_What is required:_ Every line of the data should be written out exactly, with the pictures left out.
━━━━━ Input records ━━━━━
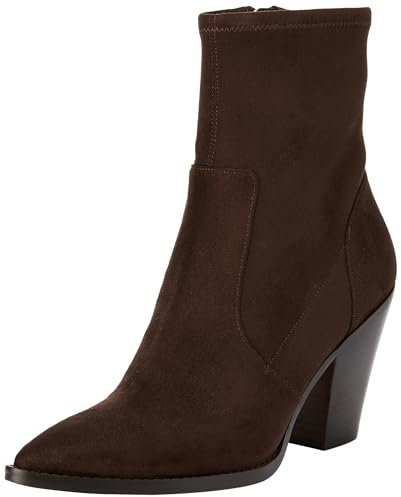 Michael Kors 40F3DOHE5S-251 DOVER HEELED BOOTIE Donna, CHOCOLATE EU 37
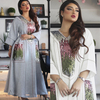  Dubai Robe Femme Musulman Vetement Femme Women Islamic Clothing Turkish Prayer Clothes Modest Kebaya Maleisie Kimono Maxi Dress Open Abaya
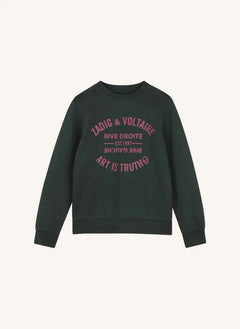 Zadig & Voltaire - Simba Art Is Truth organic cotton sweatshirt | Denim black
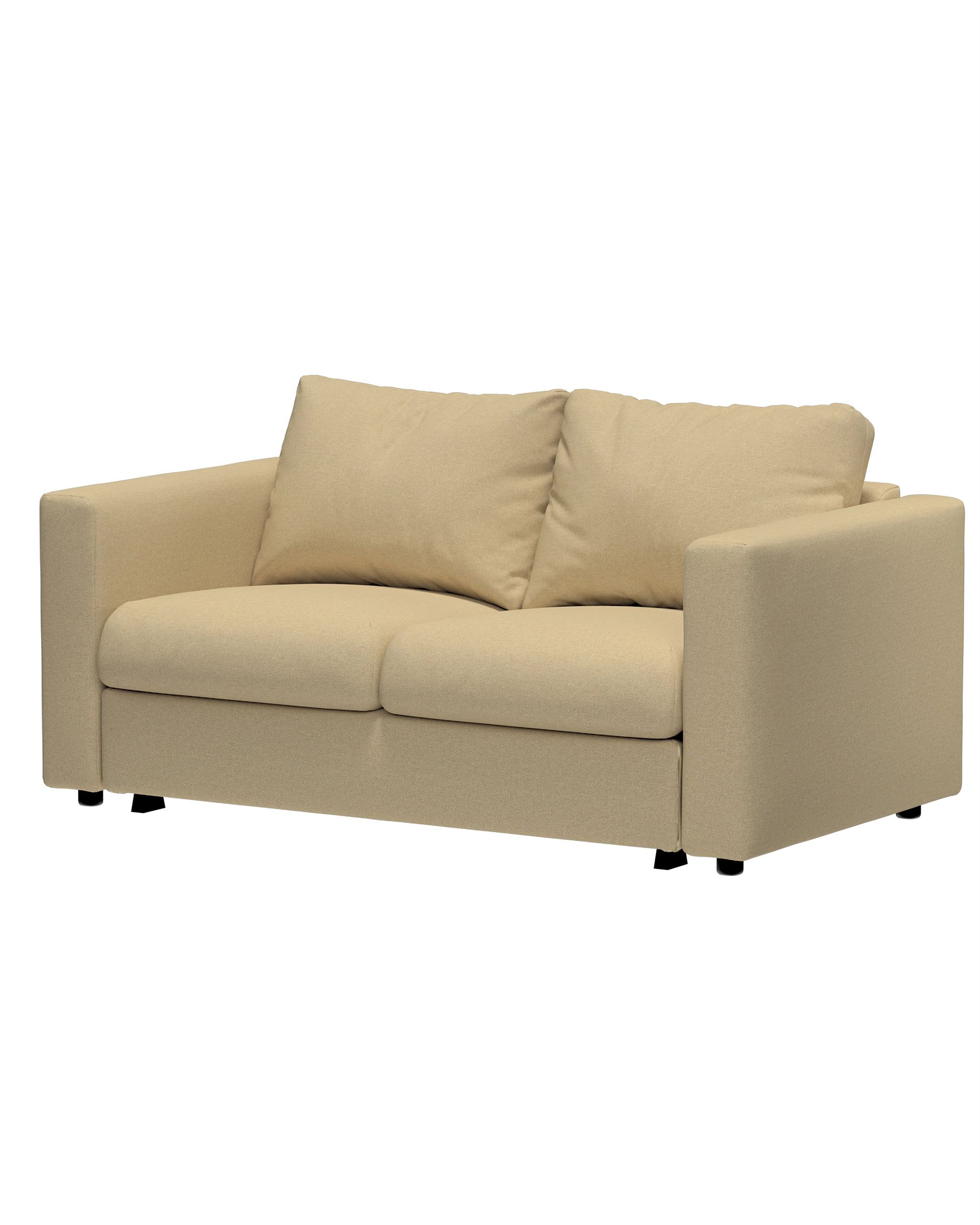 Cover for 2-seater sofa bed section Vimle product colour green fabric structured (hover)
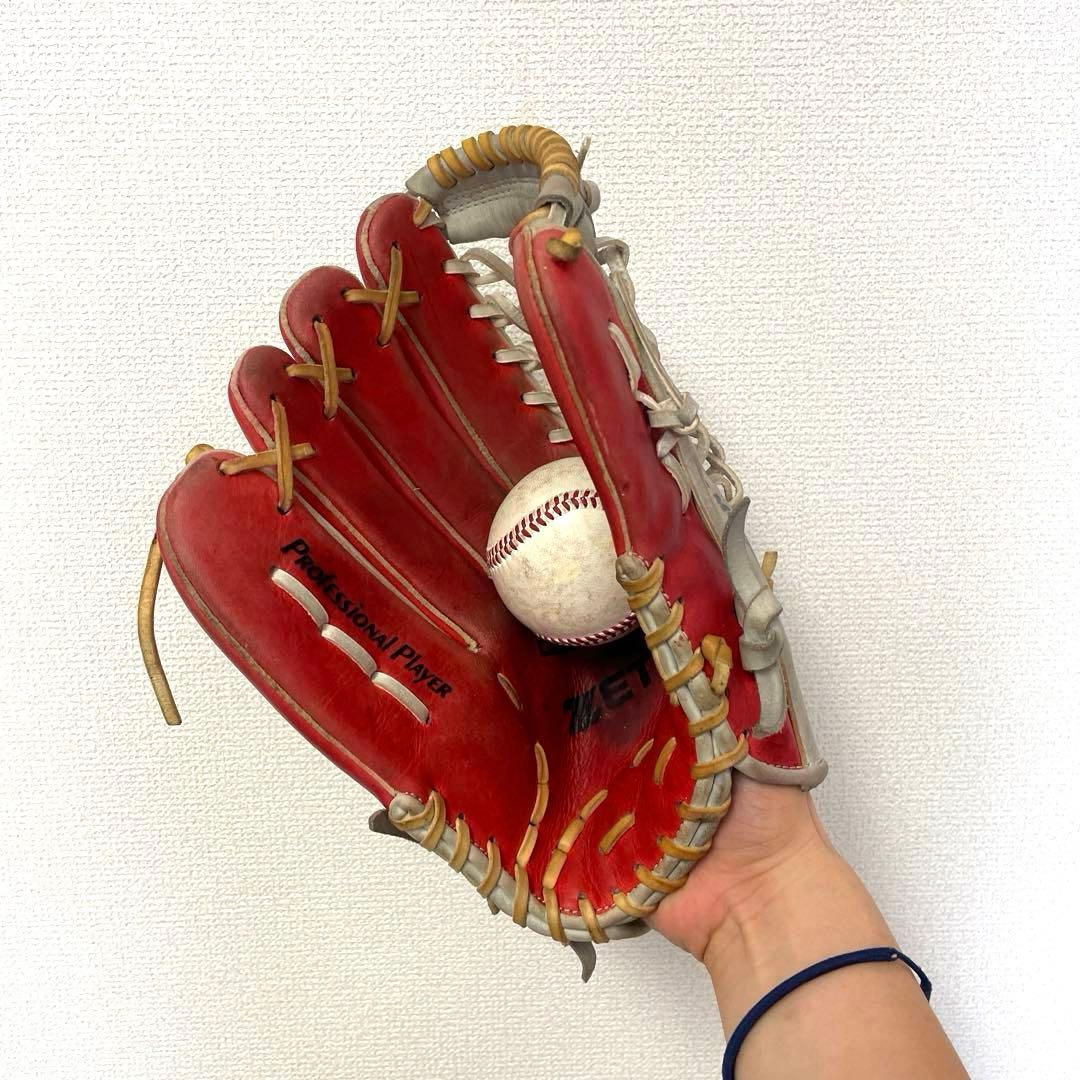 456 ZETT 赤星モデル 即戦力 型抜群 軟式 外野手用グローブ 左投げ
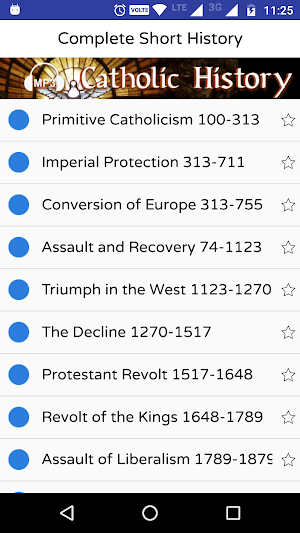 Catholic History Audio Collection Screenshot 1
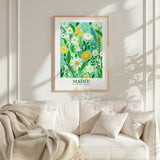 Maine Flower Poster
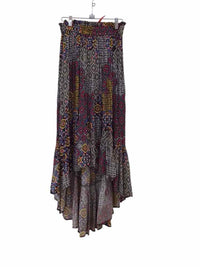 Dhruv Kapoor Black & Multi Size S Skirt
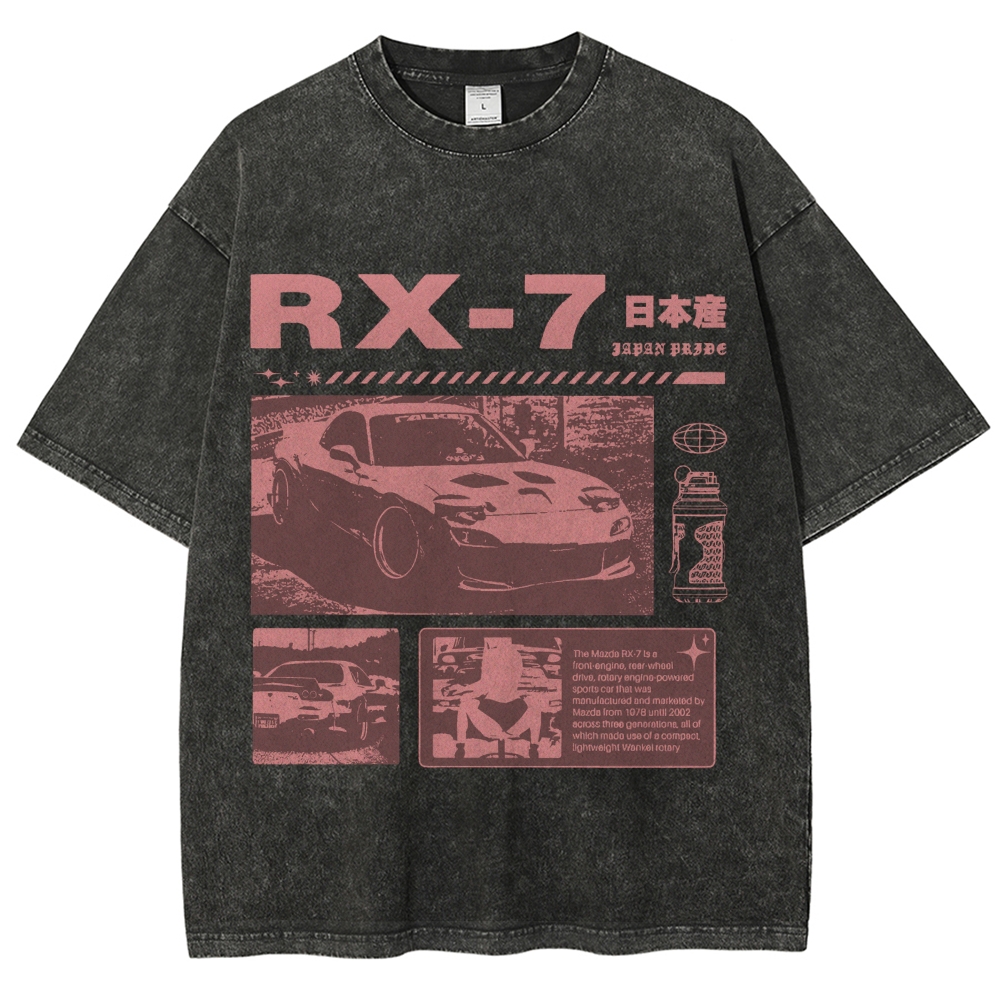 Japanese racing car RX7 Vintage Washed T-shirt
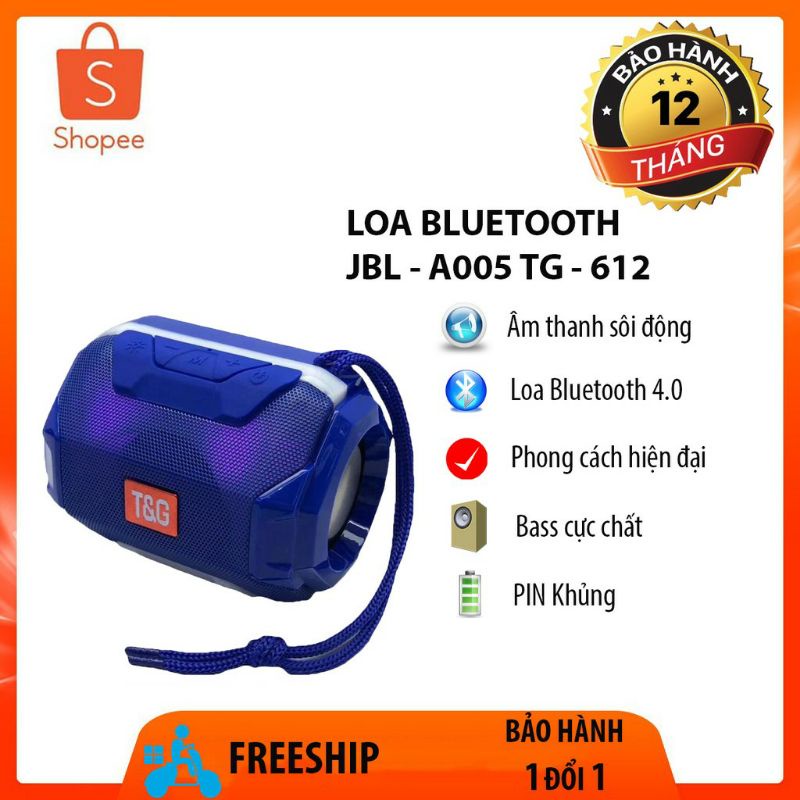 Loa Bluetooth A005 TG-162 Bass Khủng Pin Trâu, Bảo Hành 12 Tháng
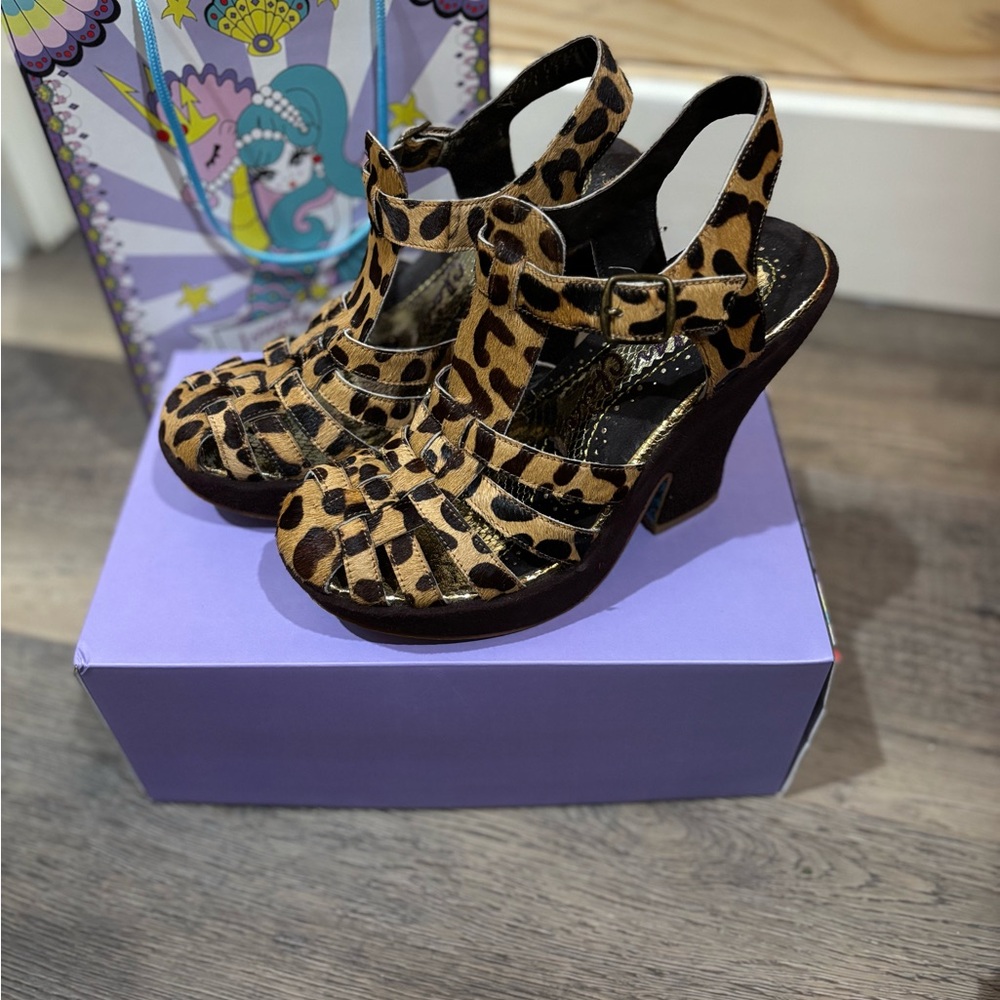 Irregular Choice Leopard Print Heels - image 1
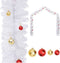 vidaXL - Kerstslinger - versierd - met - kerstballen - 5 - m - wit
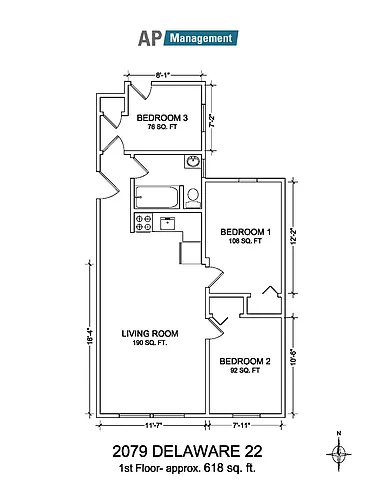Floor plan LRG 2-bedroom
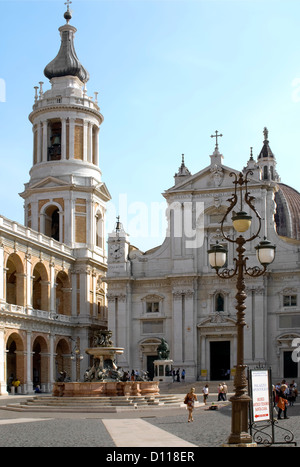 Basilica di Santa Casa at the historical town center of Loreto, Marche, Italy Stock Photo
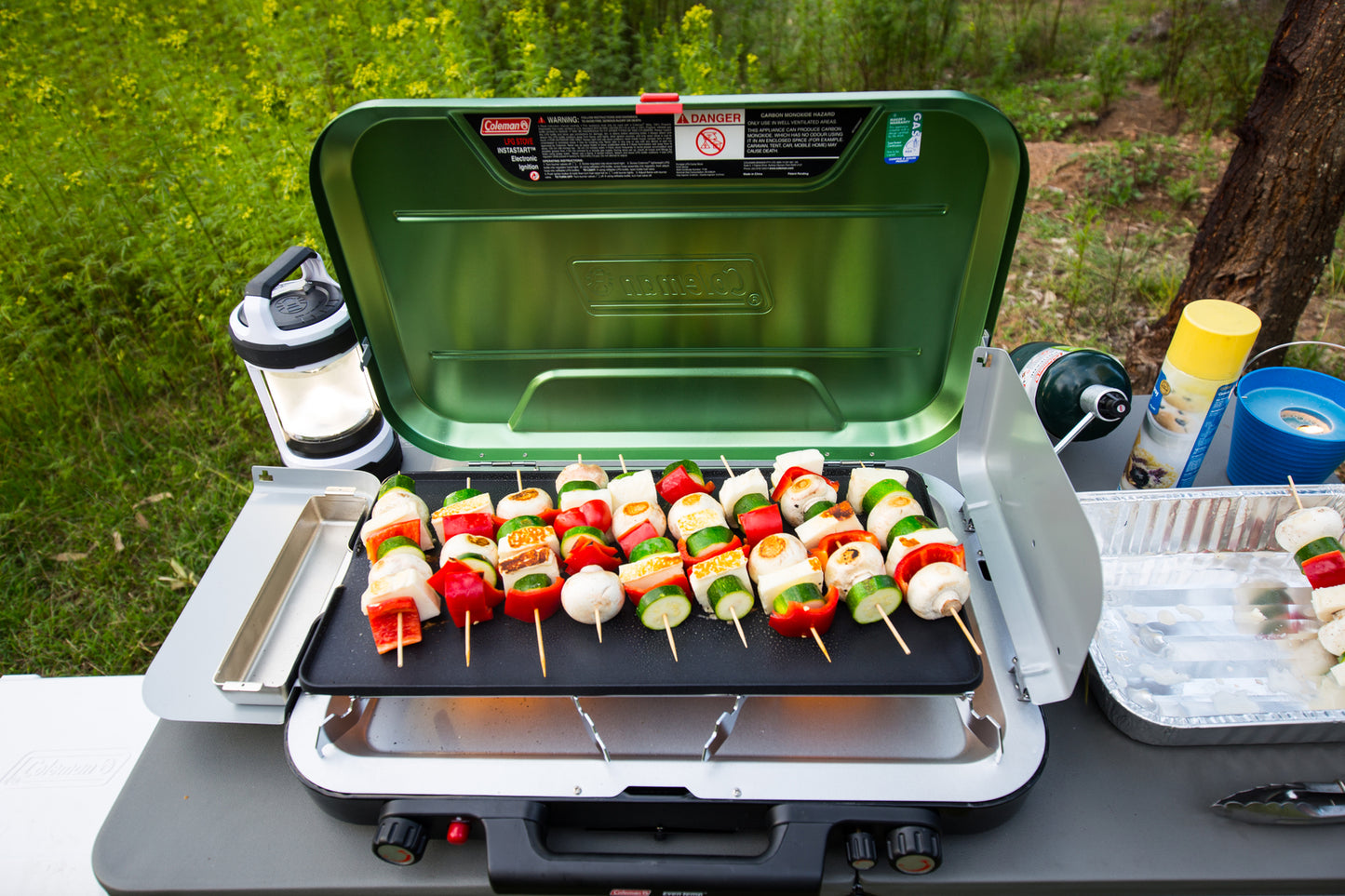 Coleman 3 Burner Eventemp Stove with Griddle & Grease Trap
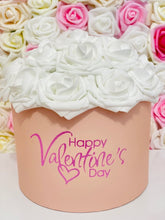 Load image into Gallery viewer, Happy Valentine's Rose Hat Box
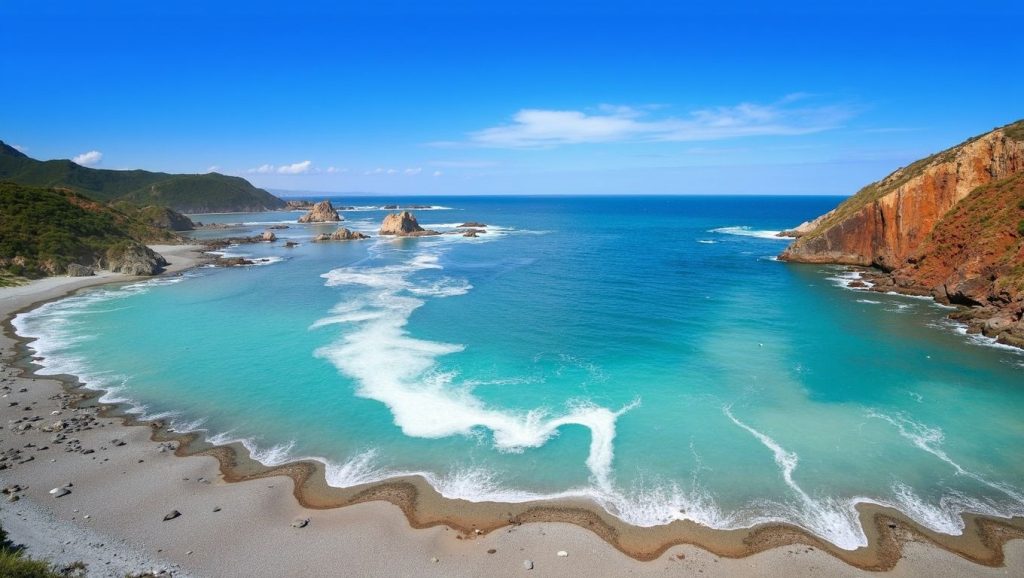 Entorno natural de Playa Gancedo en Asturias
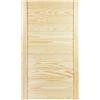 DecoMeister Porte a Lamelle Chiuse in Legno 444x766 mm Confezione da 1 - Porta Pino Massiccio - Anta per Armadio a Persiana Cieca - Frontali Mobili e Antine per Guardaroba - Legno Naturale Grezzo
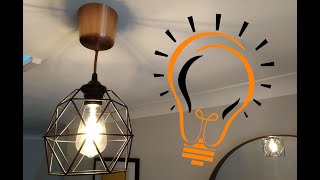 Install a Light Fitting  IKEA Hemma [upl. by Eicyak124]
━━━━━
_Exercise output:_
 Michael Kors 40F3DOHE5S-251 DOVER HEELED BOOTIE Donna, CHOCOLATE EU 37
  Dubai Robe Femme Musulman Vetement Femme Women Islamic Clothing Turkish Prayer Clothes Modest Kebaya Maleisie Kimono Maxi Dress Open Abaya
 Zadig & Voltaire - Simba Art Is Truth organic cotton sweatshirt | Denim black
 Cover for 2-seater sofa bed section Vimle product colour green fabric structured (hover)
 456 ZETT 赤星モデル 即戦力 型抜群 軟式 外野手用グローブ 左投げ
 Catholic History Audio Collection Screenshot 1
 Maine Flower Poster
 Dhruv Kapoor Black & Multi Size S Skirt
 Japanese racing car RX7 Vintage Washed T-shirt
 Loa Bluetooth A005 TG-162 Bass Khủng Pin Trâu, Bảo Hành 12 Tháng
 Irregular Choice Leopard Print Heels - image 1
 vidaXL - Kerstslinger - versierd - met - kerstballen - 5 - m - wit
Floor plan LRG 2-bedroom
 Basilica di Santa Casa at the historical town center of Loreto, Marche, Italy Stock Photo
 Coleman 3 Burner Eventemp Stove with Griddle & Grease Trap
 Load image into Gallery viewer, Happy Valentine's Rose Hat Box
 Entorno natural de Playa Gancedo en Asturias
 DecoMeister Porte a Lamelle Chiuse in Legno 444x766 mm Confezione da 1 - Porta Pino Massiccio - Anta per Armadio a Persiana Cieca - Frontali Mobili e Antine per Guardaroba - Legno Naturale Grezzo
 Install a Light Fitting  IKEA Hemma [upl. by Eicyak124]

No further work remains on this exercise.